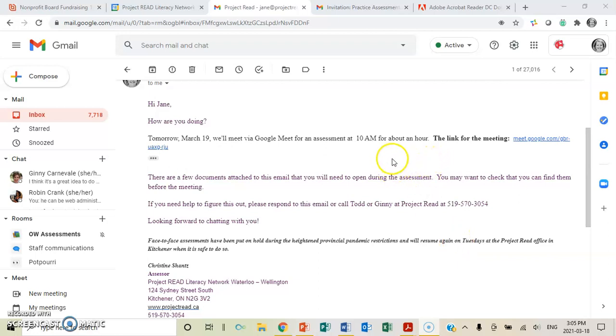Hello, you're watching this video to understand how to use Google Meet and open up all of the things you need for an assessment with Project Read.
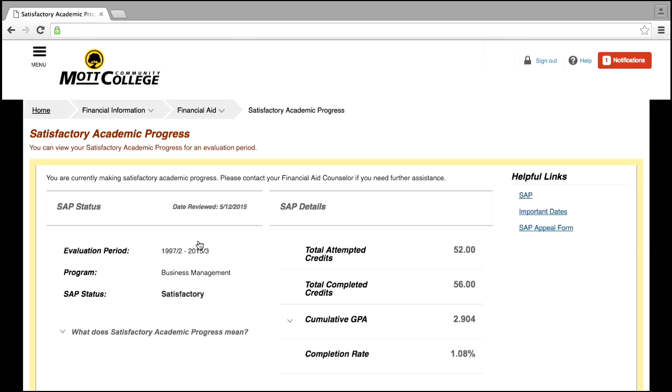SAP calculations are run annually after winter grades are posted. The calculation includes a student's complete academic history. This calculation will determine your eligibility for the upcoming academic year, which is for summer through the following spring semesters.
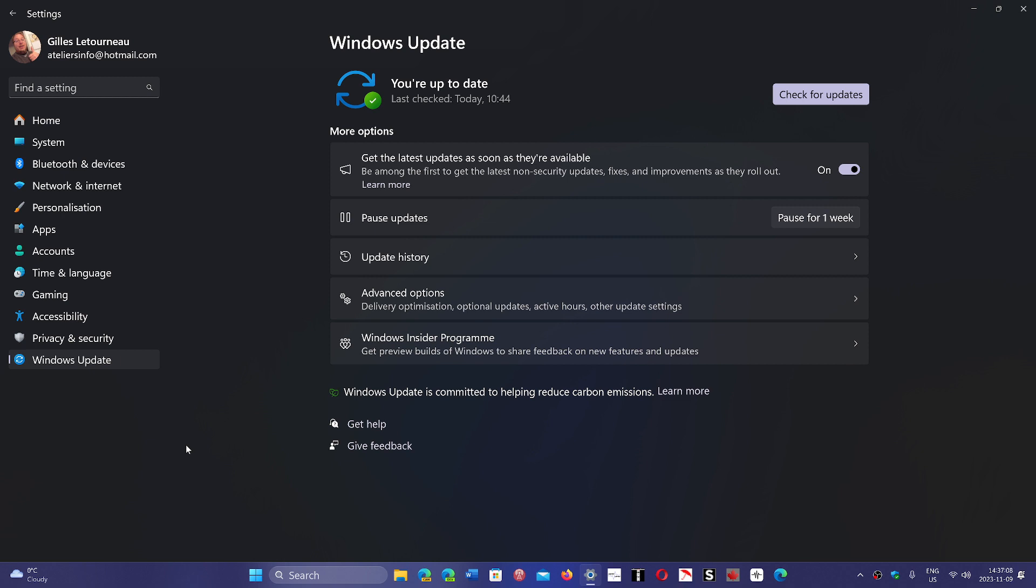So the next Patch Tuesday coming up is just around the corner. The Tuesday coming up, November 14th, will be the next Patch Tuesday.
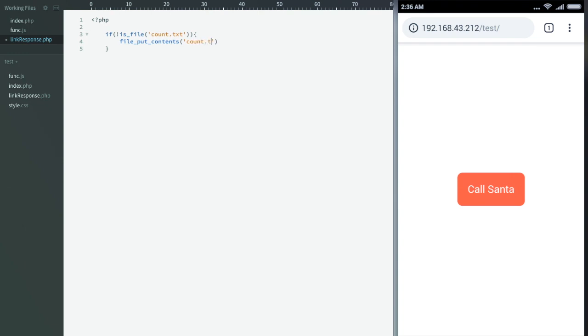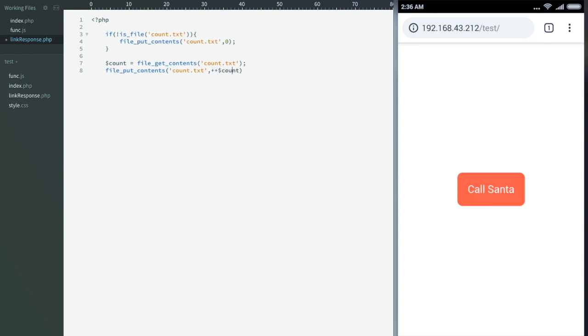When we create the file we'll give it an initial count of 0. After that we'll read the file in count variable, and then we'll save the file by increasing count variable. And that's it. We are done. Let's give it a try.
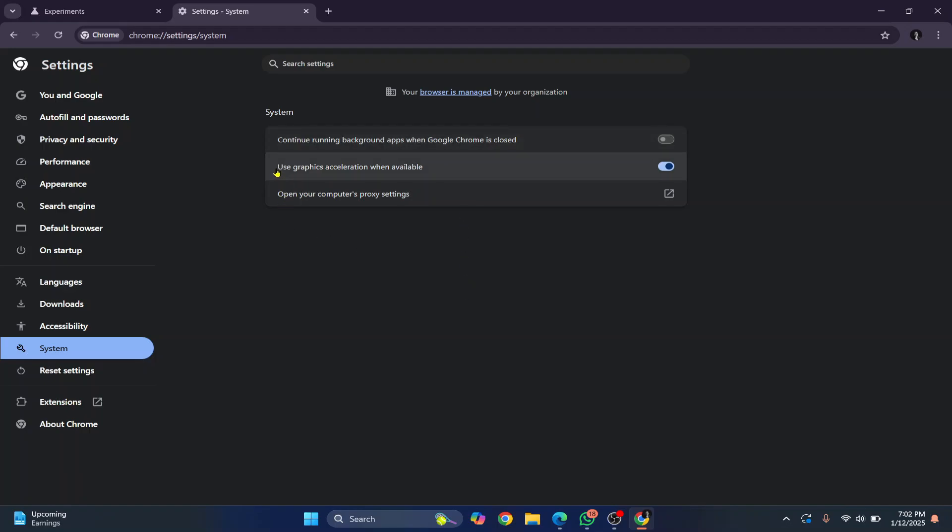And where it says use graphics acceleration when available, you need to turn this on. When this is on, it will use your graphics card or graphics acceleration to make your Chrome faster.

• • • •

■ **What is needed**
Pictures must be left out when the records are transcribed exactly.

■ **Result of the task**
Hello, you're watching this video to understand how to use Google Meet and open up all of the things you need for an assessment with Project Read.
SAP calculations are run annually after winter grades are posted. The calculation includes a student's complete academic history. This calculation will determine your eligibility for the upcoming academic year, which is for summer through the following spring semesters.
So the next Patch Tuesday coming up is just around the corner. The Tuesday coming up, November 14th, will be the next Patch Tuesday.
When we create the file we'll give it an initial count of 0. After that we'll read the file in count variable, and then we'll save the file by increasing count variable. And that's it. We are done. Let's give it a try.
And where it says use graphics acceleration when available, you need to turn this on. When this is on, it will use your graphics card or graphics acceleration to make your Chrome faster.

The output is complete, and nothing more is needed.